(Crawled caption data)
►
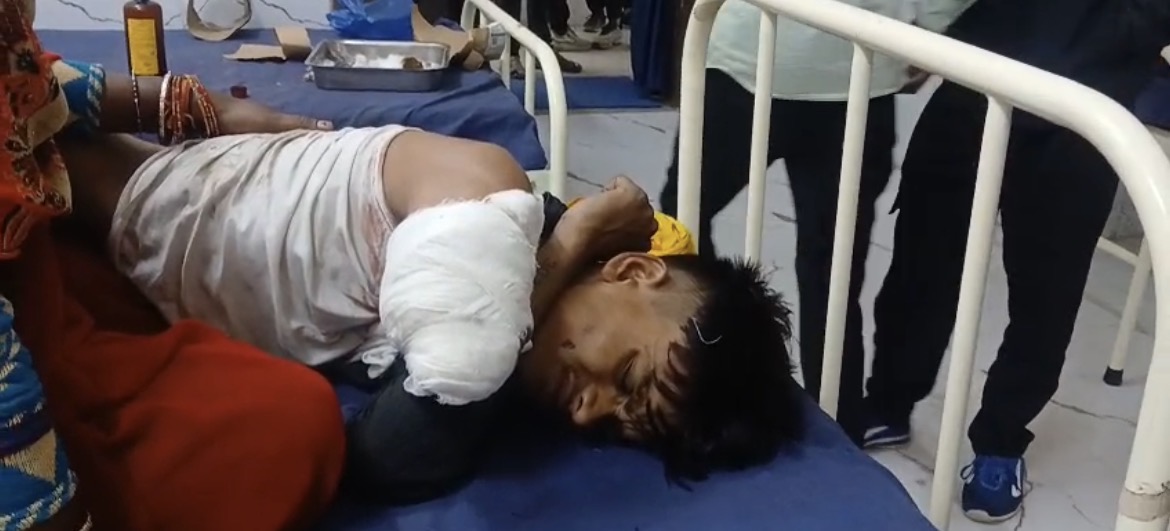 चलती ट्रेन की चपेट में आया बालक, हाथ कटा, हायर सेंटर रेफर, नशे के लिए परिजनों से मांग रहा था पैसे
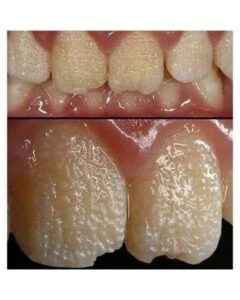 Be careful!! This is what your teeth will become when you eat…
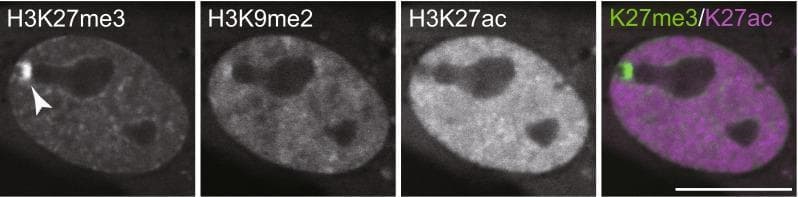 This set of four diagnostic fluorescence images demonstrates the live-cell imaging of histone modifications in a human hTERT-RPE1 nucleus using Fab-based live endogenous modification labeling (FabLEM). Three individual channels show different histone marks: H3K27me3 (trimethylation associated with gene silencing), H3K9me2 (dimethylation), and H3K27ac (acetylation associated with active transcription).
The H3K27me3 channel exhibits a highly concentrated, localized signal (indicated by an arrowhead), which identifies the inactive X chromosome. In contrast, the H3K27ac channel shows a broad, uniform distribution across the nucleus but is distinctly excluded from the inactive X chromosome territory. The H3K9me2 channel shows a relatively uniform nuclear distribution with slight enrichment in the same region as K27me3. A fourth composite image overlays H3K27me3 (green) and H3K27ac (magenta), highlighting the mutual spatial exclusion between these epigenetic marks. This visual comparison illustrates the organization of chromatin into distinct functional domains, specifically contrasting heterochromatin (inactive) and euchromatin (active) states within a living human cell.
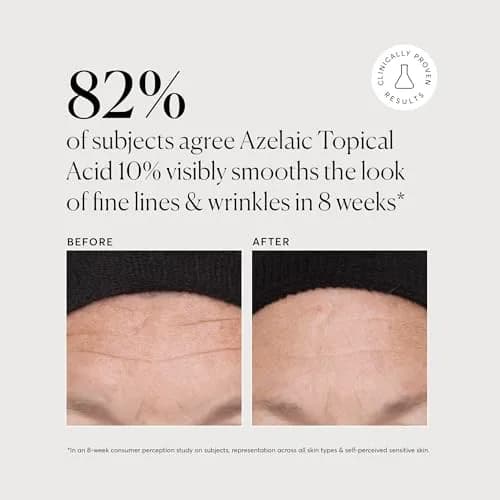 Naturium Azelaic Topical Acid 10% Serum 2 oz (59ml) | Balances Oil, Improves Tone with Niacinamide & Vitamin C thumbnail 4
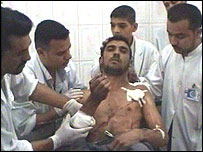 Ferido em hospital de Baquba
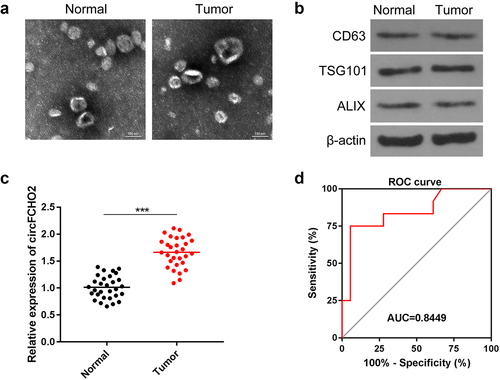 Figure 8. circFCHO2 in serum exosomes was a sensitive and effective biomarker for the diagnosis of GC.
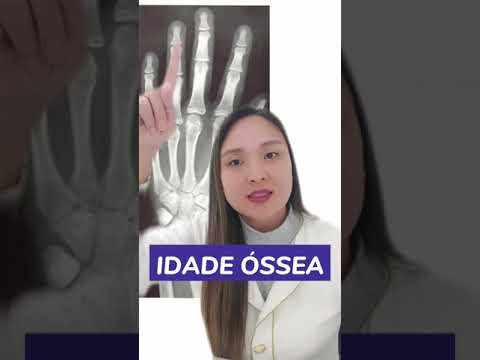 O que é o Raio X de Idade óssea?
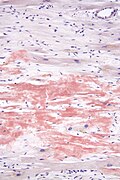 Micrograph showing amyloid deposition (red fluffy material) in the heart (cardiac amyloidosis). Congo red stain.
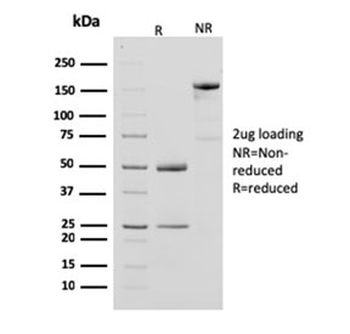CKB Antibody / Creatine Phosphokinase-BB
◄
*Task prompt*.
None of the pictures belong in the result. Print exactly the lines from the one containing "O que é o Raio X de Idade óssea?" through the final line of the entries.

*Problem solution*.
 O que é o Raio X de Idade óssea?
 Micrograph showing amyloid deposition (red fluffy material) in the heart (cardiac amyloidosis). Congo red stain.
CKB Antibody / Creatine Phosphokinase-BB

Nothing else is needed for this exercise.